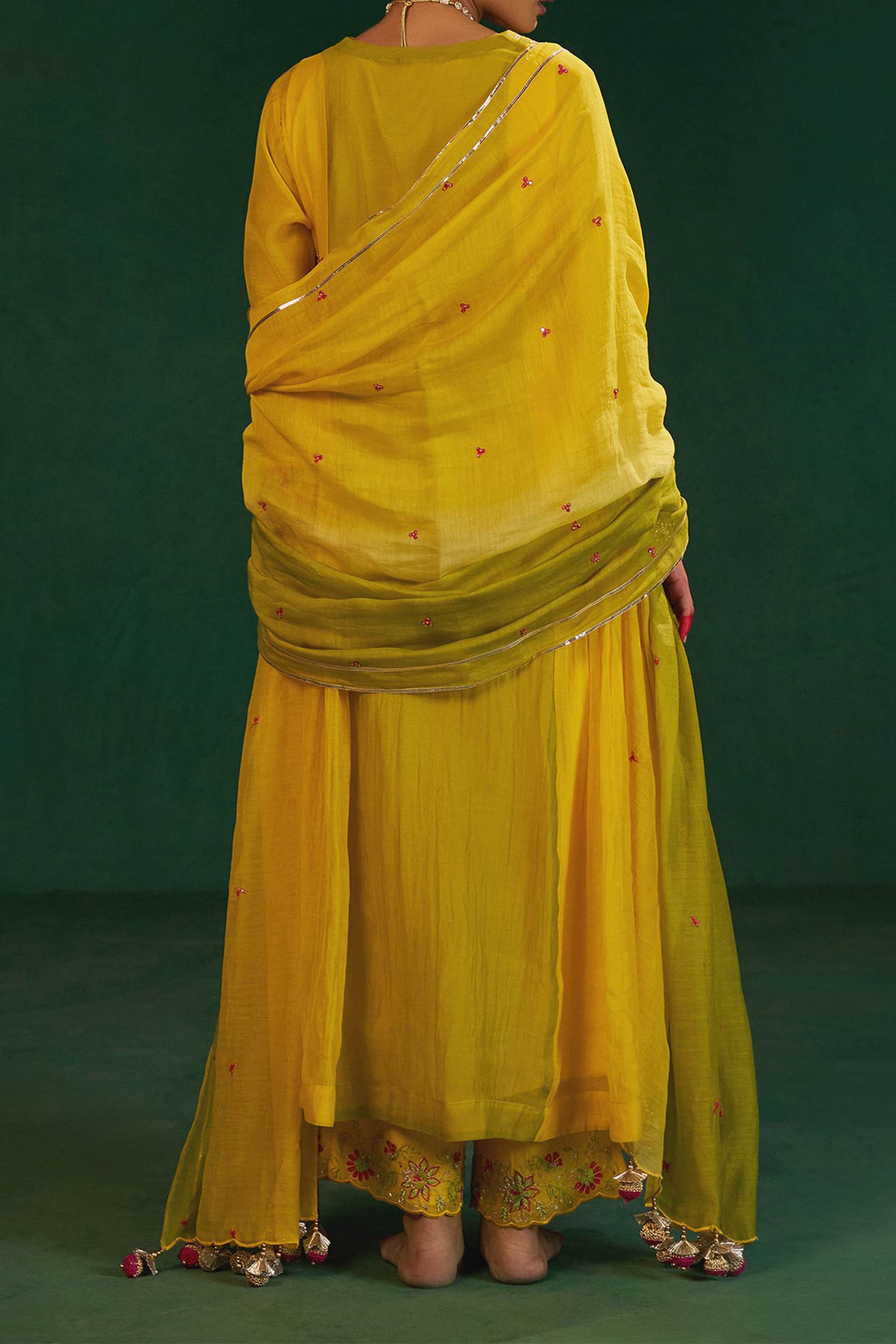 Hirika & Dhruti Yellow Two Tone Hand Embroidered Kurta Pant Set For Kids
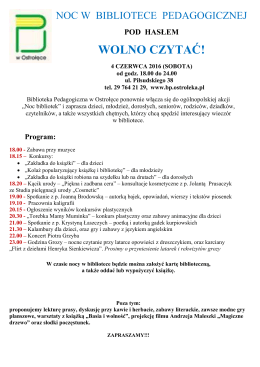 program imprezy - Biblioteka Pedagogiczna w Ostrołęce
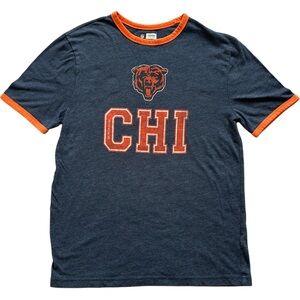 NFL Team Apparel Chicago Bears Navy Orange T-Shirt Size Medium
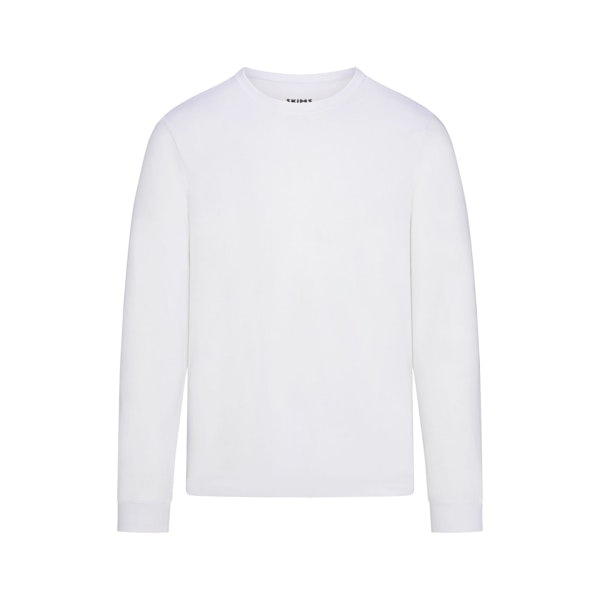 SKIMS COTTON MENS CLASSIC LONG SLEEVE T SHIRT CHALK FLAT ON A WHITE BACKGROUND | FLT | FLT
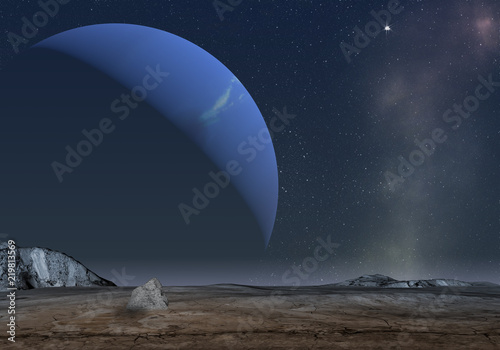 Unknown planet. Space exploration. 3D Illustration.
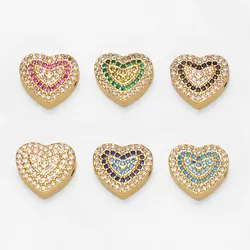 OCESRIO Multiple Color Heart Charm DIY Handmade Copper Gold Plated CZ Jewelry Making Supplies Bracelet Making Component chma161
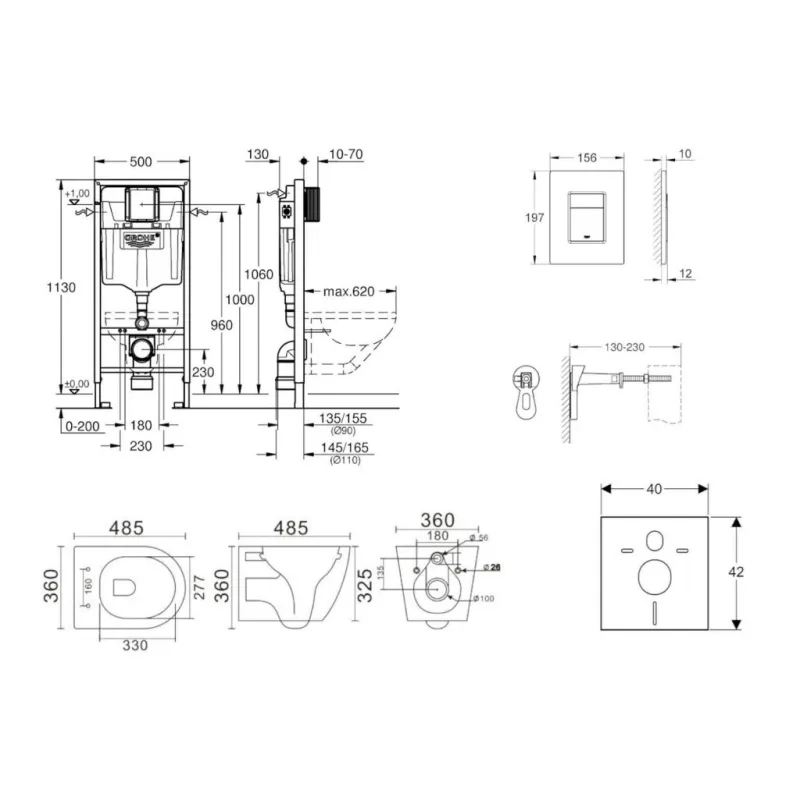 Tualetes poda komplekts Grohe rāmis Rapid SL+WC pods Kielle Gaia Rimless poga+vāks SoftClose 11BA1105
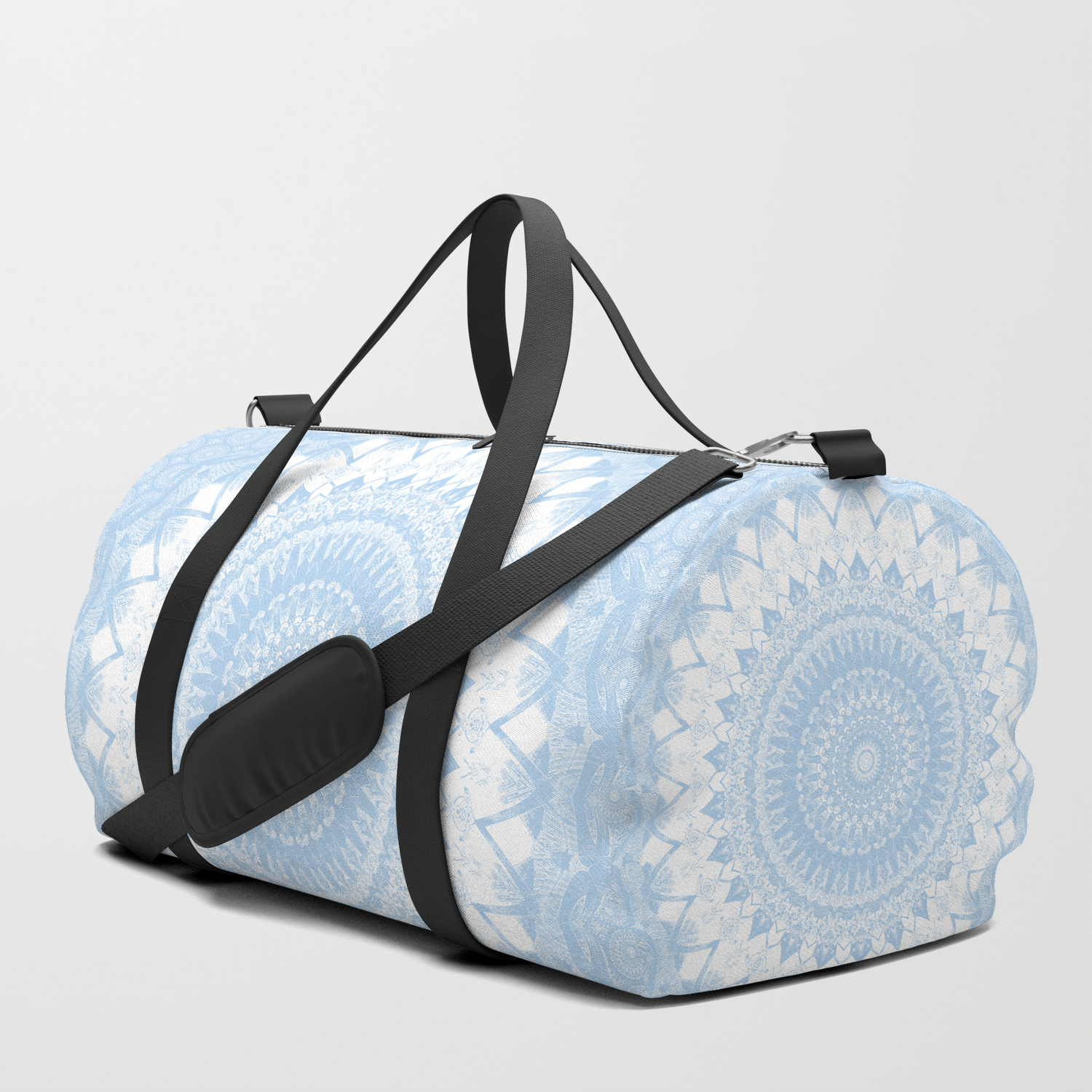 baby blue duffle bag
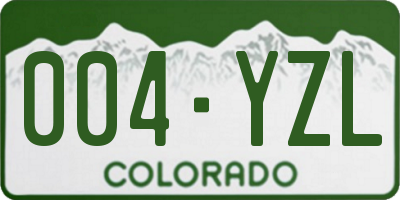 CO license plate 004YZL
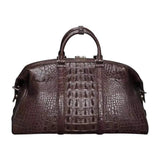 Unisex Classic Genuine Crocodile Leather Travel Duffle Outdoor Leisure Large Capacity Simple Style Bag
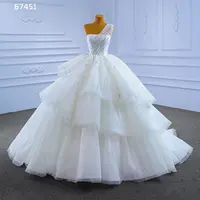 Rsm67451 Свадебные платья с низким вырезом 2022 Простые Свадебные платья на одно плечо с бисером и кружевом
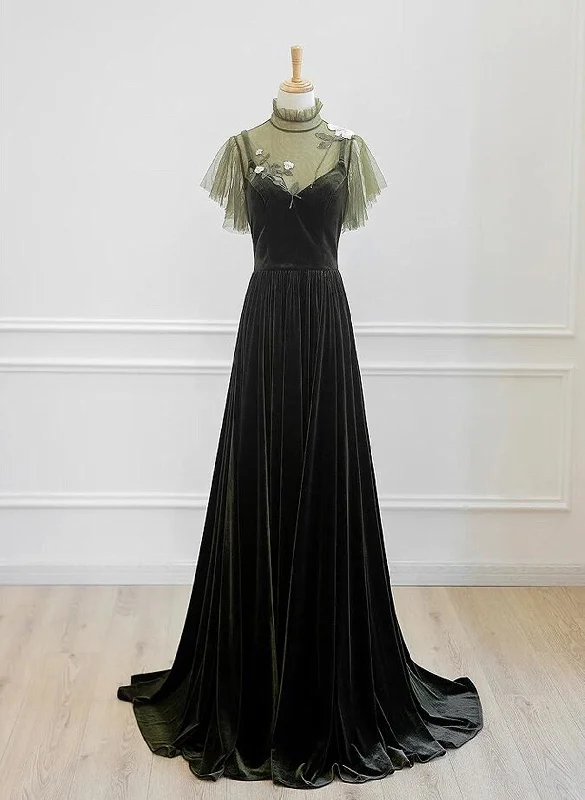 A-line Green Velvet High Neckline Long Party Dress, Green Velvet Prom Dress Boat Neckline Classic A-line Green Velvet High Neckline Long Party Dress, Green Velvet Prom Dress Boat Neckline Classic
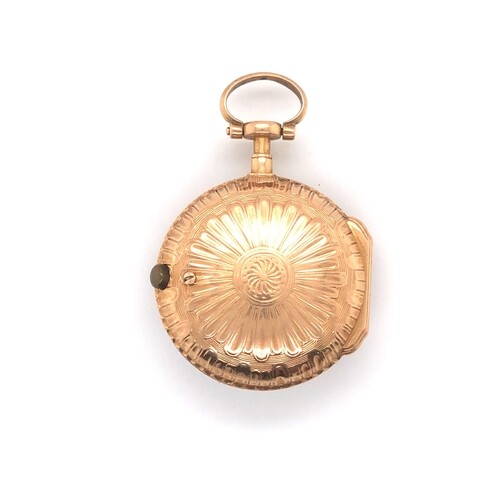 Gold engraved consular cased pocket, 18th-century verge pock...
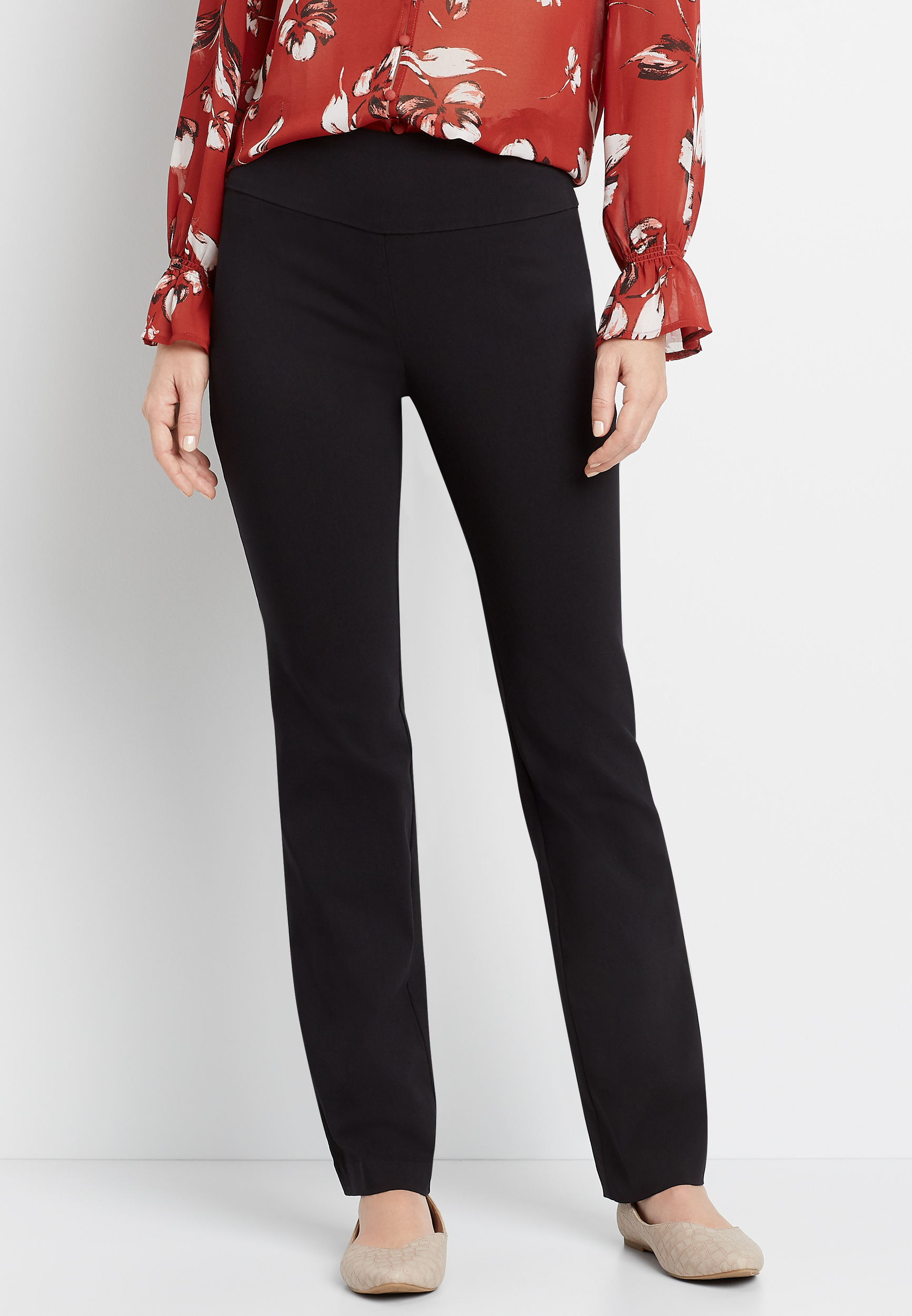 Pull On Black Bengaline Bootcut Pant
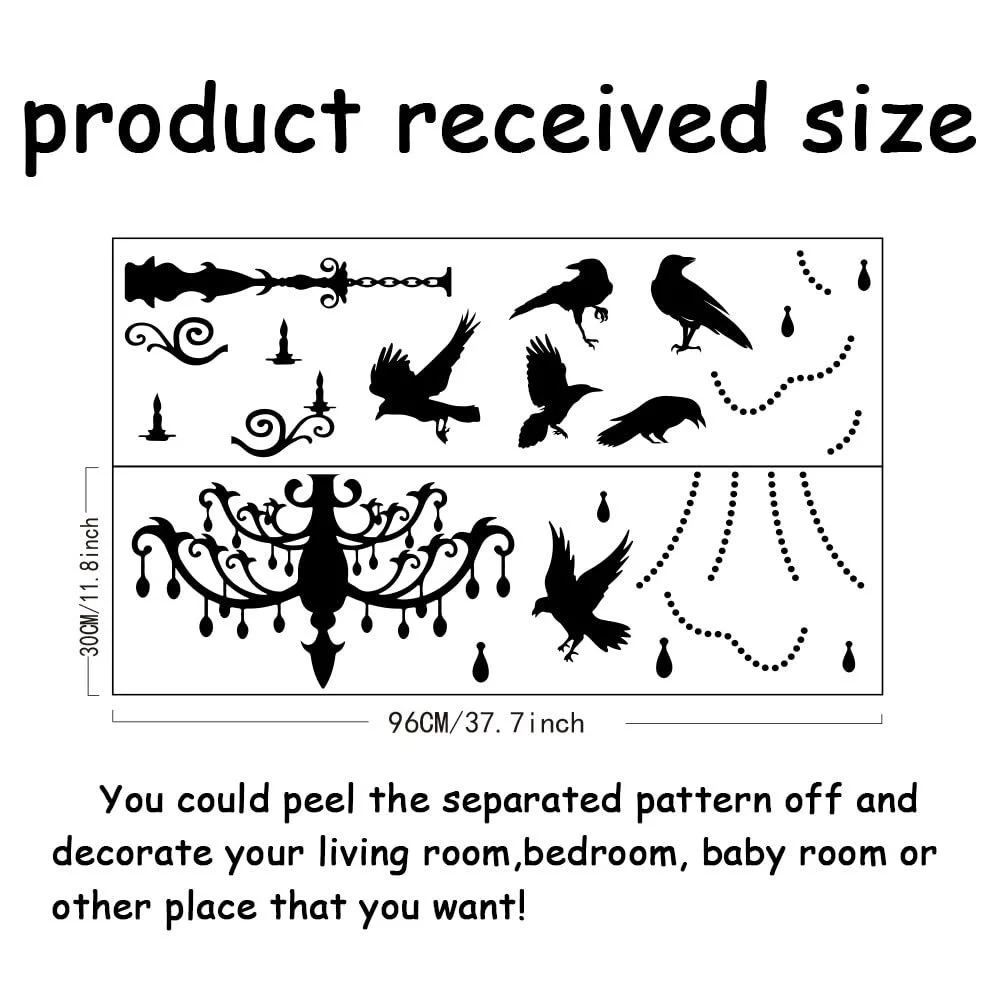 Наклейка на стіну SUPERDANT Halloween Crow Wall Art, фото №5
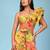 Multicolour printed cotton ruffle dress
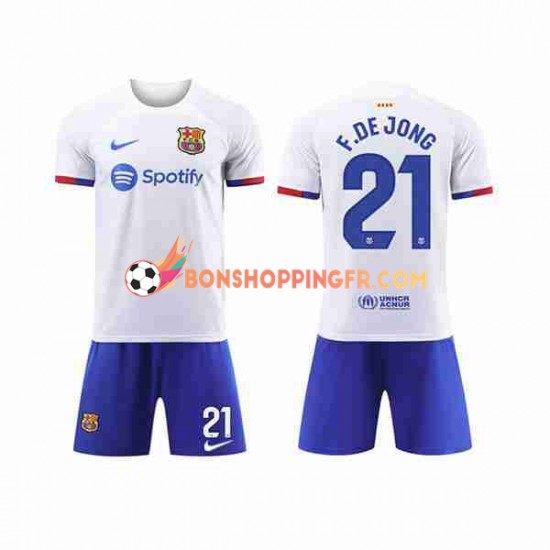 Maillot Extérieur FC Barcelone Frenkie de Jong 21 2023-2024 Manches Courtes Jeune Enfant(+shorts)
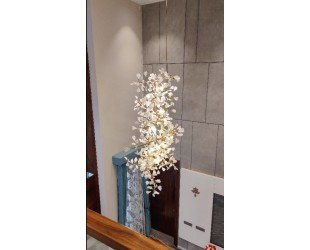 Japanese Hanging Pendent Chandelier With White Pink Cherry Blossom Shape Crystals for a Calm and Relaxing Ambience of Fairy Tales & Fantasy - Letsgosale.com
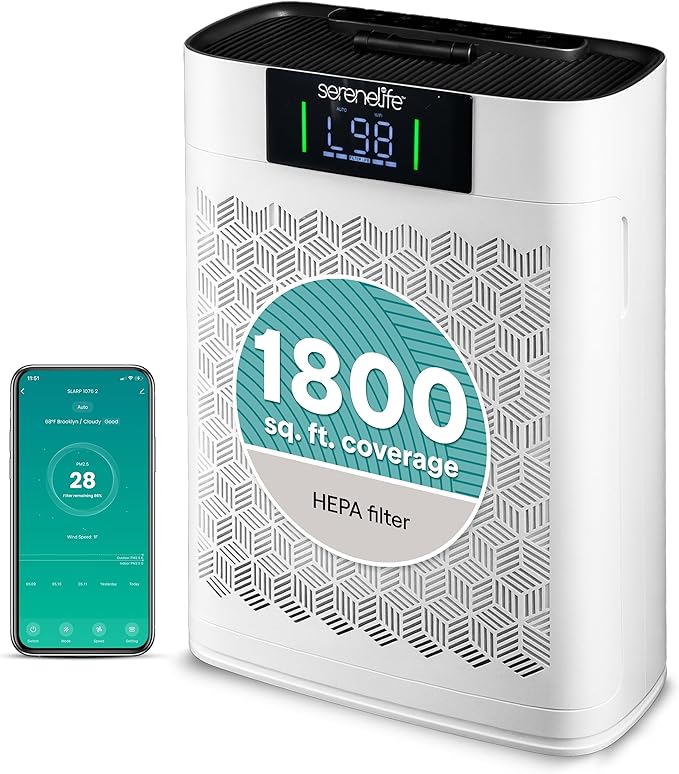 SereneLife HEPA Air Purifier for Home – Smart WiFi & App Control, Ultra-Quiet by SereneLife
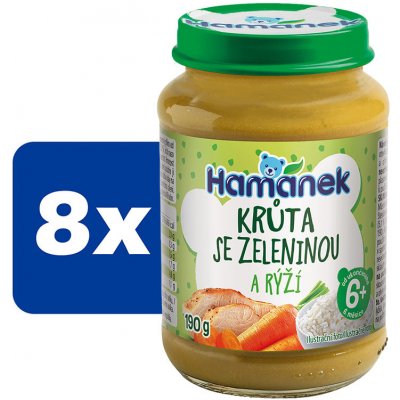 Hamánek Krůta se zeleninou a rýží 8 x 190 g – Hledejceny.cz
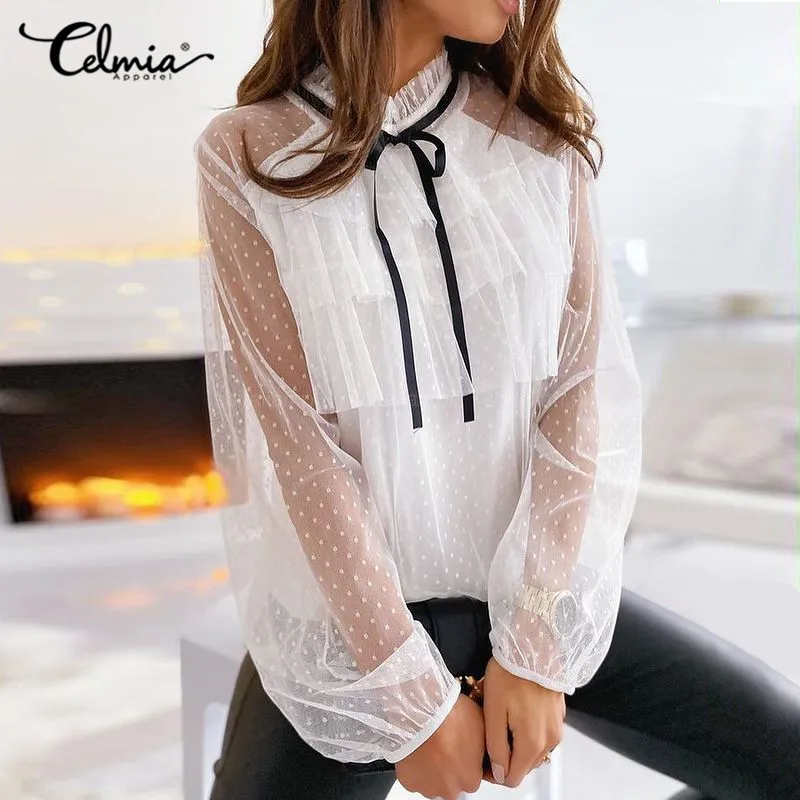 

Celmia 2021 Autumn Women Polka Dot Mesh Blouse Sexy See-Through Sheer Shirt Lantern Sleeve Party Office Tops Fashion Lace Blusas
——
Exercise objective →
Nothing but the lines above from the line with "baby blue duffle bag" up to and including the line with "Hamánek Krůta se" should be returned, exactly as written and without pictures.

Written solution →
 baby blue duffle bag
 CO license plate 004YZL
 Unisex Classic Genuine Crocodile Leather Travel Duffle Outdoor Leisure Large Capacity Simple Style Bag
 Rsm67451 Свадебные платья с низким вырезом 2022 Простые Свадебные платья на одно плечо с бисером и кружевом
 A-line Green Velvet High Neckline Long Party Dress, Green Velvet Prom Dress Boat Neckline Classic A-line Green Velvet High Neckline Long Party Dress, Green Velvet Prom Dress Boat Neckline Classic
 Gold engraved consular cased pocket, 18th-century verge pock...
 Pull On Black Bengaline Bootcut Pant
 Наклейка на стіну SUPERDANT Halloween Crow Wall Art, фото №5
 Multicolour printed cotton ruffle dress
 Maillot Extérieur FC Barcelone Frenkie de Jong 21 2023-2024 Manches Courtes Jeune Enfant(+shorts)
 Japanese Hanging Pendent Chandelier With White Pink Cherry Blossom Shape Crystals for a Calm and Relaxing Ambience of Fairy Tales & Fantasy - Letsgosale.com
 SereneLife HEPA Air Purifier for Home – Smart WiFi & App Control, Ultra-Quiet by SereneLife
 Hamánek Krůta se zeleninou a rýží 8 x 190 g – Hledejceny.cz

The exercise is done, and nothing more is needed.